気を集中させ手のひらにそのかたまりを作るイメージをしているらしいのだが、それが難しいのだとことはは嘆いている。
「どうしてもこう、チャクラを練るイメージしかできなくて……、」
「チャクラが気と同じなら、チャクラを手のひらに集中させればいいんじゃないですか?」
「………それだとぜんぜん違うものになっちゃうの」
そう言ってことはは手のひらにチャクラを集中させるよう意識した。するとゴォッ――という大きな音をたてて発生した気流のようなもの。
まるで竜巻が直接ぶつかったかのような感覚に悟飯は吹っ飛びそうになる体にグッと力を入れなんとかその場に踏みとどまる。
気流のようなものを発生させたことは自身も顔を歪ませながら手のひらから放出しているチャクラを慌てて消し止めた。
「ま、まあこんな感じになります…………、」
「な、なるほど……」
「確かに難問ですね」と苦笑いをする悟飯。ことはも「あはは……、」と乾いた笑みを零した。
チャクラが気と同じものだとして、いざ体外に出そうとすれば先ほどのようにただ放出してしまうだけ。それを形作ればチャクラの形態変化として術の一つと言えるのだが。
「………舞空術が出来るようになったら、今度は抱えてもらわずに空の散歩できるかなって思ったんだけど」
「簡単にはいかないね」そう言うことはは恥ずかしそうに頬を染めた。確かに簡単に舞空術を極められては苦労して会得した悟飯の立場がない。 それでも、何故かことはに舞空術はできない。そんな確信が悟飯にはあった。
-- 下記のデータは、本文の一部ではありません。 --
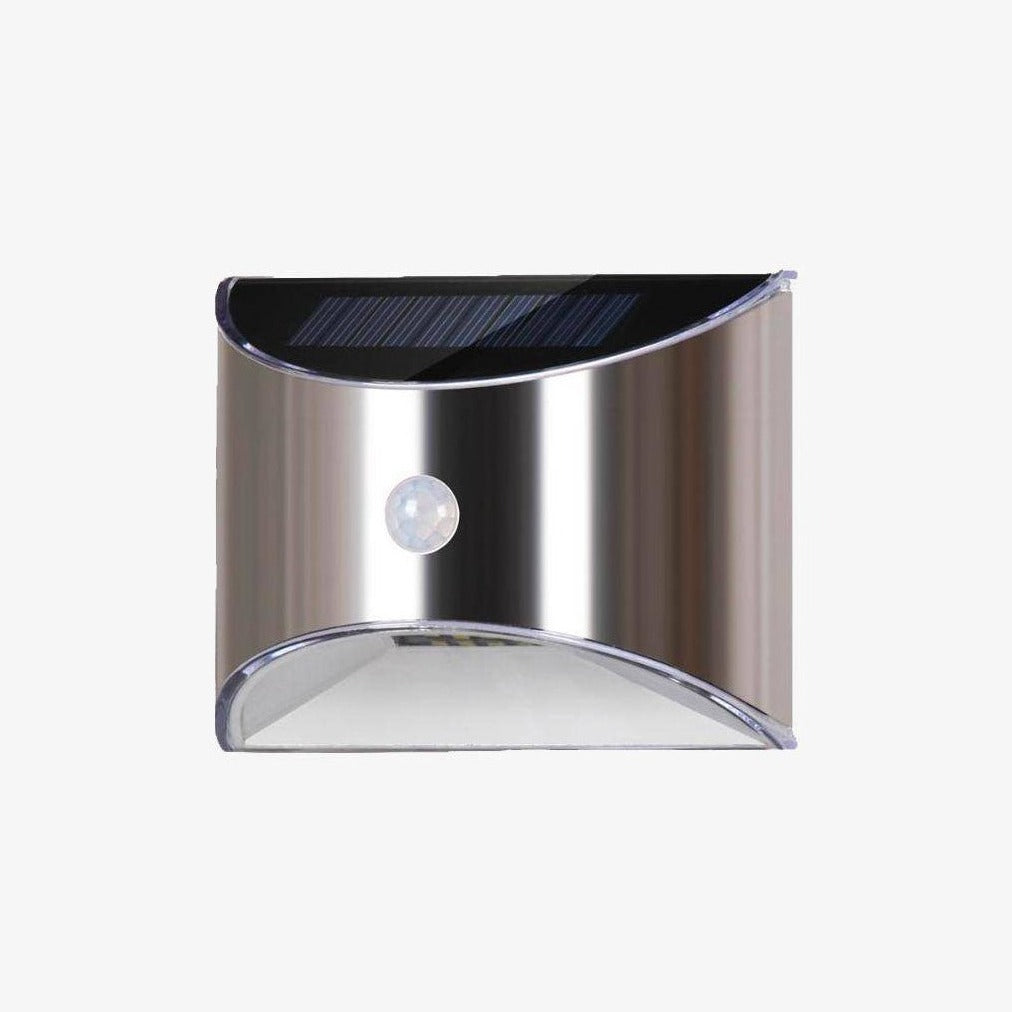 Applique murale — Extérieur solaire à LED chromée arrondie (lot de 2)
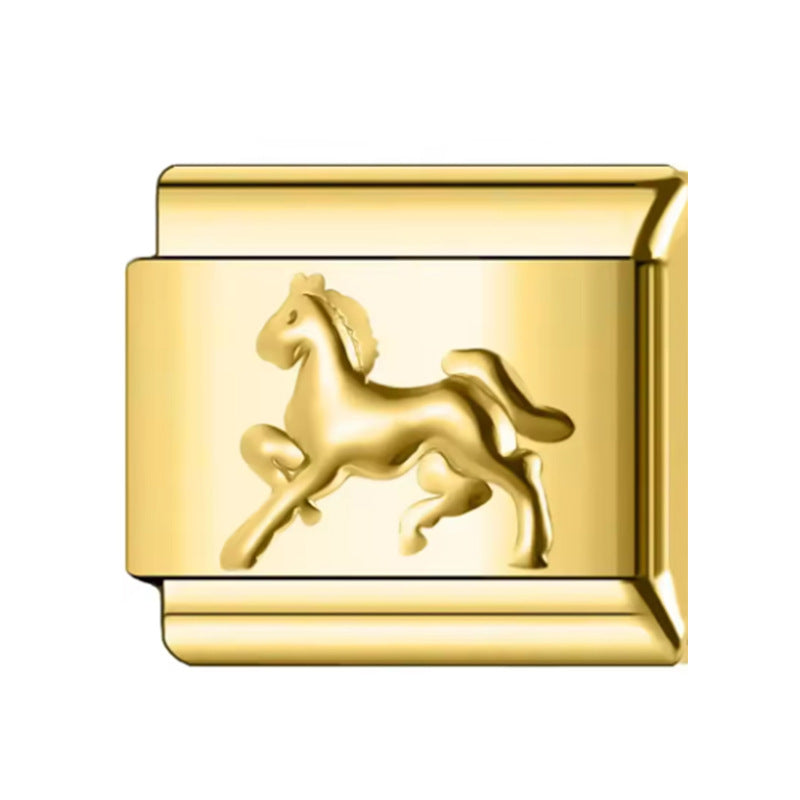 Wholesale Italian Charm Bracelet 9mm DIY Splicing Heart Star Stainless Steel Composable Bracelet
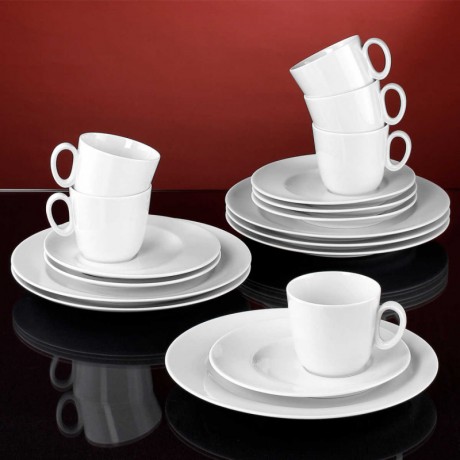 Seltmann Weiden Seltmann Weiden Paso Weiss Kaffeeservice rund 18-tlg. Кофейный сервиз Seltmann Weiden Paso Weiss из 18 предметов.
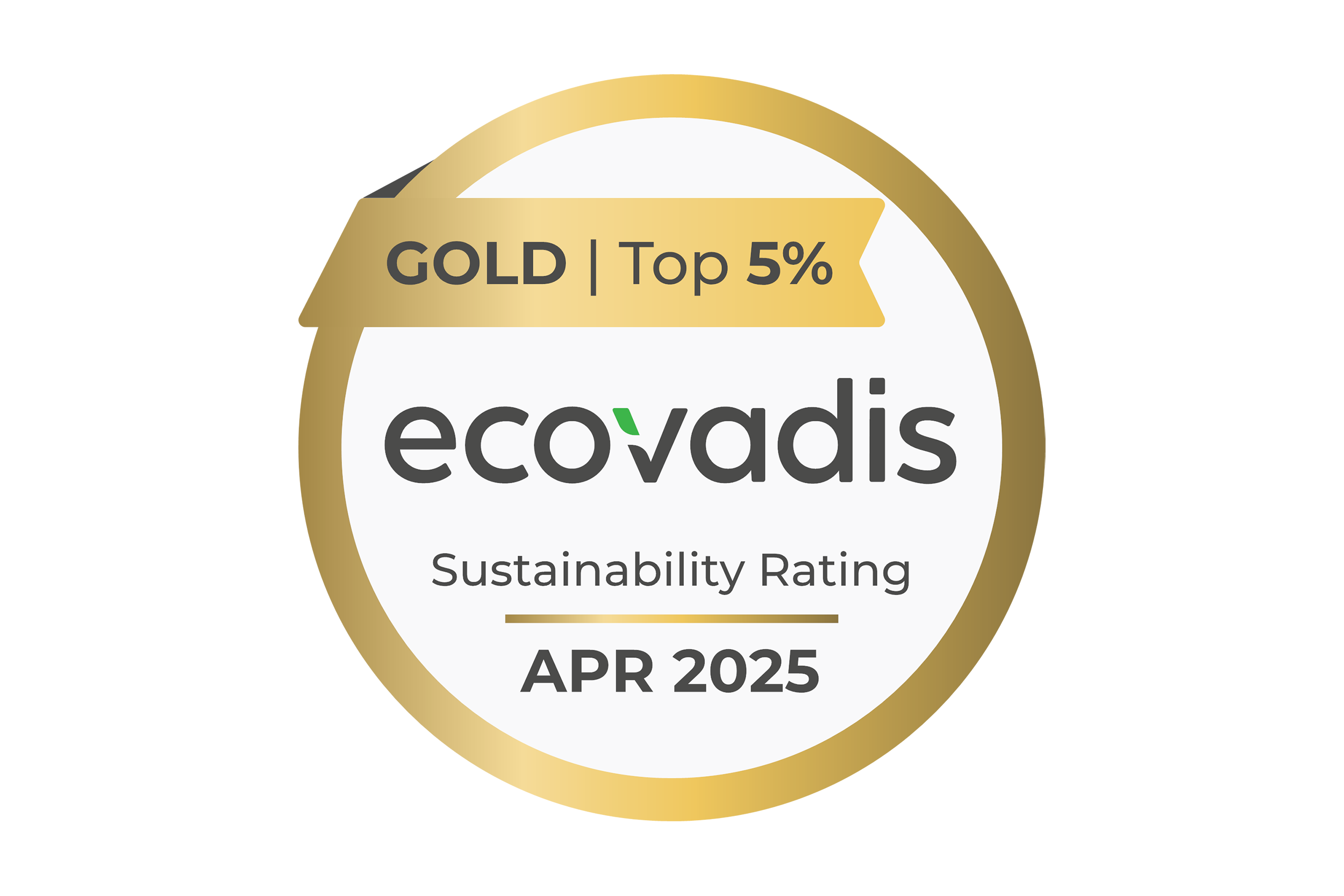 ecovadis Nachhaltigkeitslabel in Gold von April 2025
確信を得たのは先のチャクラの放出を間近で見たとき。どれだけ強い気を体外に放出してもあんな竜巻のようにはならない。なにより直接肌で感じた”あれ”は気とはまったく別物だった。
以前ピッコロが言っていた。「ことはの気は変わっている」と。
まさしくそれだ。気とチャクラはまったくの別物。いくらコントロールを極めてもことはが舞空術をできるようになることはない。
しかし悟飯の口からそんな厳しい現実を告げることができることはなく、かと言って申し訳ない気持ちがあるわけでもなかった。
「大丈夫ですよことはさん」
「?」
「舞空術ができなくても、ボクがいるじゃないですか」
自分の胸に手を当て「ね?」と首を傾げる悟飯。
意図がわからずことはは首を傾げるが、そんな彼女の手を取り立ち上がらせるといつしかのように横抱きにし悟飯は空へと舞い上がる。
急なことで驚き「うわっ!?」と慌てて悟飯の首に腕を回したことはの表情は「飛ぶなら言って……」と言いたそうだ。
その少し怯えた様子も、悟飯には愛おしく思えた。
強敵との死闘の末、敵であったはずの女性に恋をした仲間に軽い気持ちで「好きなんだ」と言ったことを思い出す。
幼い頃から戦い続きで同世代の異性との関わりなどほとんどなかった自分にはわからない感情。
夢の中で初めて会ったときは、寂しい思いをしていた自分に声をかけてくれた優しいお姉さんだったはず。
しかしこうして現実世界で相まみえて会話をし肌で触れて、ことははまぎれもなく女の子なのだとわかった。
初めての経験で勘違いをしているのかもしれない。今この状況下にいるのが他の女の子でも同じ感情を抱くのかもしれない。それでも、
「(ボク、ことはさんが好きだなあ)」
自身を襲うほわほわとくすぐったい感覚が、素直に嬉しい悟飯だった。